The film’s director, Eric Bendick, told ICT the near-extinction of the Florida panther echoes many of the same issues faced by P-22, a Los Angeles panther that survived alone in a park until becoming old and injured.

“There’s an incredible amount of crossover in terms of our story and the P-22 story,” director Bendick told ICT from his home in Bozeman, Montana. He previously directed a series of films around the Florida Wildlife Corridor expeditions, including “The Forgotten Coast,” “Chasing Ghosts” and “The Last Green Thread.”

“The impact of P-22 and our Florida panthers have been all about explaining to people in the world how these kinds of connected landscapes are working or not working today,” he said. “So, P-22 is just a perfect model for some of the same ideas.”

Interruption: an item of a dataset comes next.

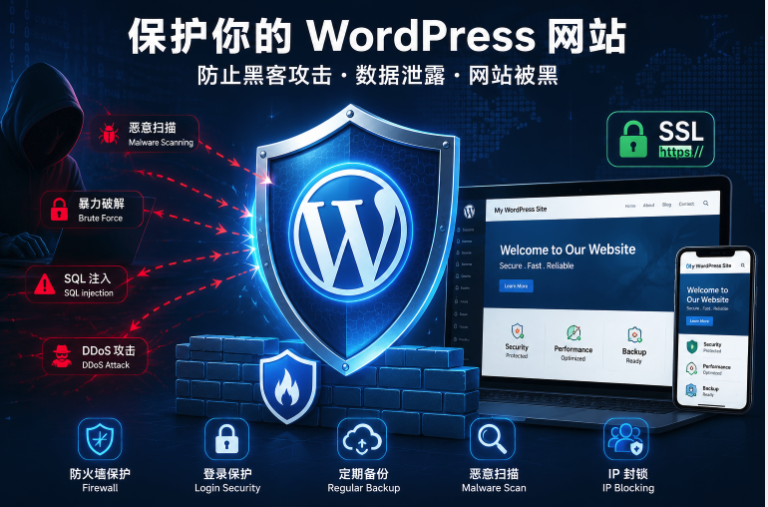 WordPress website security protection against hackers and cyber attacks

Credit: Eric Bendick directed the new documentary, "Path of the Panther," which capture hundreds of hours of video of endangered Florida panthers and the work by conservationists to preserve their habitat. (Photo by Carlton Ward, courtesy of Appian Way)

The film was made with support from the Miccosukee Tribe and many other organizations. Among those featured in the film are Betty Osceola, a Miccosukee Everglades educator, airboat captain, conservationist and clean water advocate.

“It’s incredible, the hard lines that go from the swamp to the developed lands and how stark that contrast is,” Bendick said. “But one of the things that the story uncovers is really that even though they seem apart, they’re impacting one another all the time. The developed lands are flooded from storms these days. They’re literally channeling all that water into the Everglades and the runoff is more than it can sustain, so it’s flooding this whole section of tree islands, which is Betty Osceola’s homeland.

“Betty is a Miccosukee from the Panther Clan and is in the film speaking about the tribal connection to the land and animals. She says the panther is the force of balance that brings the ecosystem into harmony.”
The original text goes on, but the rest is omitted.